Human-readable 2D Barcode

20 Mar 2020
Progress: Concept

QR codes are great but if you have a bunch of them, it can be a pain to remember what they say. Admittedly it's not that much hassle to scan them to find out, but it's a lot less convenient than, for instance, conventional barcodes which have the digits printed underneath. I also have trust issues, and end up scanning repeatedly with different devices, because without personally checking it, how can I believe that's what it really says? But that's by the by.

And there's another thing. Those numbers under a conventional barcode, who's to say that they're correct? In fact you could double your data density by storing different information in the barcode to the string underneath. Essentially, I have great difficulty accepting unintelligible markings on paper that are meaningful to computers.

You might ask, in this day and age, do we even need barcodes? Optical character recognition (OCR) is so good that we should just as easily be able to "scan" a block of printed text in the way that we scan a barcode. The answer is in redundancy and error-checking. OCR makes mistakes, and it may not even be clear that a mistake has been made. QR codes contain enough redundancy that they will still scan correctly even with a corner torn off. In the most extreme cases they will fail to scan, which is more desirable than scanning in the wrong data.

The error-correction of a QR code is so great that some people stick images and logos over the top of them, knowing that they will still scan, making a symbol that can be understood by both human and machine. But again, both readers are looking at different information, that happens to be smooshed together.

At this point you should be able to guess what my proposal is. A human-readable barcode made up of written text, surrounded by fiducials, timing information, and error checking. The information would be immediately obvious to both a human and a machine, with the auxiliary info letting you check its integrity and recover lost characters.

In detail, the content would be escaped as some variant of quoted-printable, so that it can be represented as printable ascii characters. The font would be OCR-friendly, such as the type used on cheques, to maximise machine readability. The fiducials or corner-markers would be big and obvious in three corners, much like the double-bordered squares in a QR code. The timing information is simply a dotted line between the fiducials to set the grid-size. The text would be printed inside the grid in a monospaced font, aligned to the grid, and around the bottom and right-hand edges the last row/column would contain a series of human-readable numbers.
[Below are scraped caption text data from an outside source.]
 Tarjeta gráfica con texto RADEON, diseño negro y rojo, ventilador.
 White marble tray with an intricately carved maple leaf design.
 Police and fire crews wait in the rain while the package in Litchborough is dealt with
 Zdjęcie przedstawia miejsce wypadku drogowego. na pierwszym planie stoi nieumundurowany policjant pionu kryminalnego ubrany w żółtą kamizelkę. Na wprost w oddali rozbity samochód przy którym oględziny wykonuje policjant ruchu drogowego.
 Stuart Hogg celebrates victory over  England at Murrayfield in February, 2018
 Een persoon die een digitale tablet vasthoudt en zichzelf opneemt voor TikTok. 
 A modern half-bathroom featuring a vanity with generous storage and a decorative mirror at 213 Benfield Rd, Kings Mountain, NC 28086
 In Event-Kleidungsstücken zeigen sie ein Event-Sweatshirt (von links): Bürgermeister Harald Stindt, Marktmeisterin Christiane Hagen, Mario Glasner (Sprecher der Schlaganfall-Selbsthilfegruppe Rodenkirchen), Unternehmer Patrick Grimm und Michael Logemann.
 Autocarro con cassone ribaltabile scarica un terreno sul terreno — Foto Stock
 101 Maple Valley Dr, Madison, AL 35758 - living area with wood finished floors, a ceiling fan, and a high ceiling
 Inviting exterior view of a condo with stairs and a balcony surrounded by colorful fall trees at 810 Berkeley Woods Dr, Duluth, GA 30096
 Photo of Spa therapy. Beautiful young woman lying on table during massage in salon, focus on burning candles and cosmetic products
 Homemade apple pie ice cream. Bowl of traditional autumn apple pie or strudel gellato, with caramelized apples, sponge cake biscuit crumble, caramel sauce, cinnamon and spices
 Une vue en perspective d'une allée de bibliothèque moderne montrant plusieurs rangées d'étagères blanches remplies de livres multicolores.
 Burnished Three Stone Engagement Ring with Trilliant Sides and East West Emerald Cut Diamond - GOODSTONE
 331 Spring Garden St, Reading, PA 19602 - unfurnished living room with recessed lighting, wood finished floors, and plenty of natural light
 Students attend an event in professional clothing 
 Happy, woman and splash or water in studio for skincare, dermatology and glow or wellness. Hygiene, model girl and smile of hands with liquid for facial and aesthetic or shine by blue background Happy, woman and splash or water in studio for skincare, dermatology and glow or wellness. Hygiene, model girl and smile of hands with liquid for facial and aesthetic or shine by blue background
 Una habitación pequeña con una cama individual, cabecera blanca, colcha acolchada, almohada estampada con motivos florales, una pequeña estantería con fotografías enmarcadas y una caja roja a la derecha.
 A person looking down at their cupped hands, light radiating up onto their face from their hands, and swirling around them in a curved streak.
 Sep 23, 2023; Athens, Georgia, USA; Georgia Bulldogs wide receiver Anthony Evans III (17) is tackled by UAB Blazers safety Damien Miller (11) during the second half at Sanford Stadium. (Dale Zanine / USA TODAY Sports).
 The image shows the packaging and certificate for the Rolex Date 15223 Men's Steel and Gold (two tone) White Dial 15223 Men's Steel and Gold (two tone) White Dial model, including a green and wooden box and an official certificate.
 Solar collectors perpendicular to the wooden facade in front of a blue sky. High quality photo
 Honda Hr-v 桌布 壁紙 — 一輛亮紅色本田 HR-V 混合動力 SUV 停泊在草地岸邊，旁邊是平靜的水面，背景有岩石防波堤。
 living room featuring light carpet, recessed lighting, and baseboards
These numbers would be a checksum for each row/column of the grid, much like a Hamming code. This provides enough info to locate a mis-read character, and potentially recover its value, but doesn't come close to the error-checking of a QR code. The reason for this choice is simple: if one were so inclined, the checksum for each row/column could be calculated with a pencil and paper. So the redundancy is human-checkable, too.

The mockup image for this idea probably bears little resemblance to what the Human-Readable 2D Barcode would look like:

But when I first toyed with this idea (July 2019) I produced some more serious mockups. Using Excel, no less.

The checksum algorithm is just the sum of the ascii codes modulo ten.

It's still not clear if this amount of "timing" info would be sufficient and perhaps there should be a way to indicate EOF.

If I feel a burst of enthusiasm I will hack together a scanning program with OpenCV and we can see how well they perform.